== PROBLEM DESCRIPTION ==
Please return the listing below exactly, without any of its pictures.

== GIVEN INFORMATION ==
──────────────────────────────

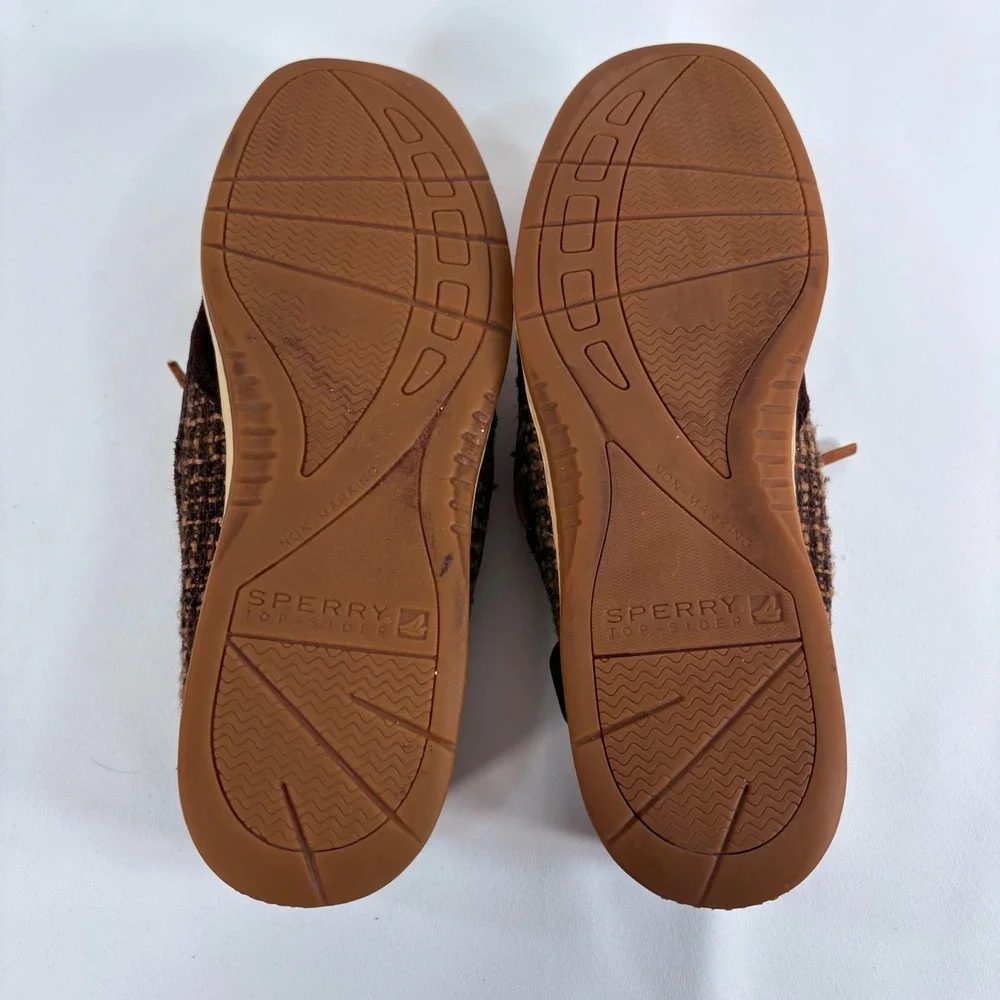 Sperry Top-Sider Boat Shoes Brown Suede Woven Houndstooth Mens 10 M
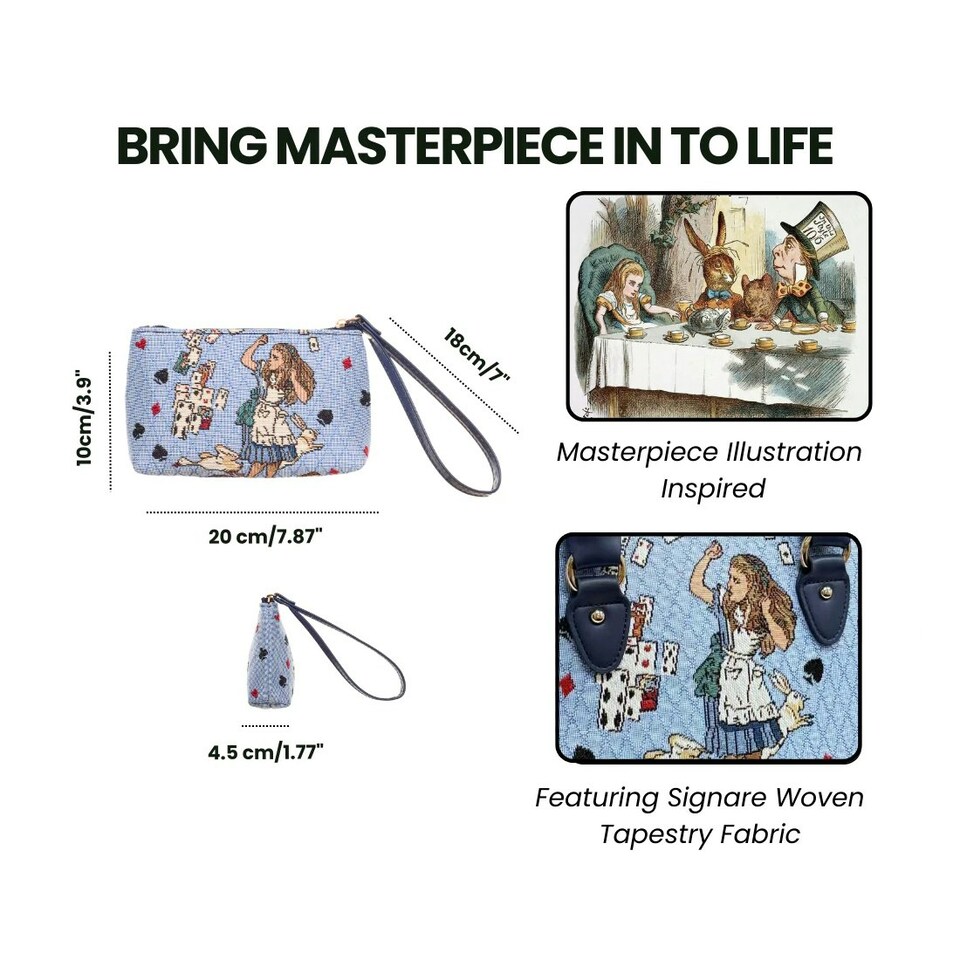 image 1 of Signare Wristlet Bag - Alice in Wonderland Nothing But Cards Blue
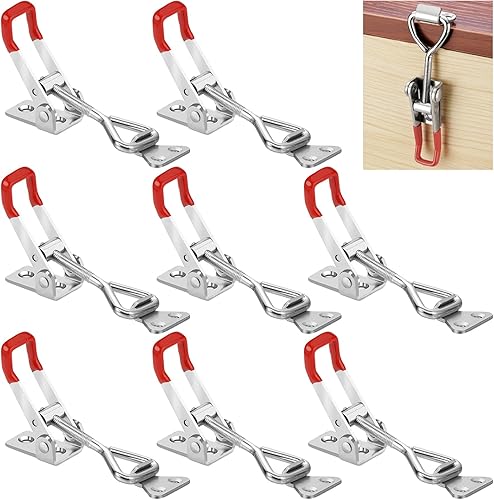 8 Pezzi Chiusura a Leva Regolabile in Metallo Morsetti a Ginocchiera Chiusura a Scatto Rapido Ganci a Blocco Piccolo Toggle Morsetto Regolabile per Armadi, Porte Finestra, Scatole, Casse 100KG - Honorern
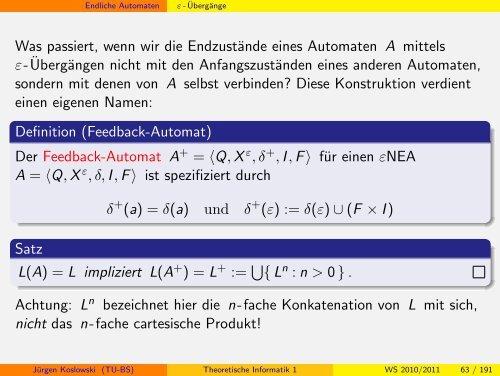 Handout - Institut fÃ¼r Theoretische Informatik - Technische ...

──────────────────────────────

== TASK RESPONSE ==
 Sperry Top-Sider Boat Shoes Brown Suede Woven Houndstooth Mens 10 M
 image 1 of Signare Wristlet Bag - Alice in Wonderland Nothing But Cards Blue
 8 Pezzi Chiusura a Leva Regolabile in Metallo Morsetti a Ginocchiera Chiusura a Scatto Rapido Ganci a Blocco Piccolo Toggle Morsetto Regolabile per Armadi, Porte Finestra, Scatole, Casse 100KG - Honorern
 Handout - Institut fÃ¼r Theoretische Informatik - Technische ...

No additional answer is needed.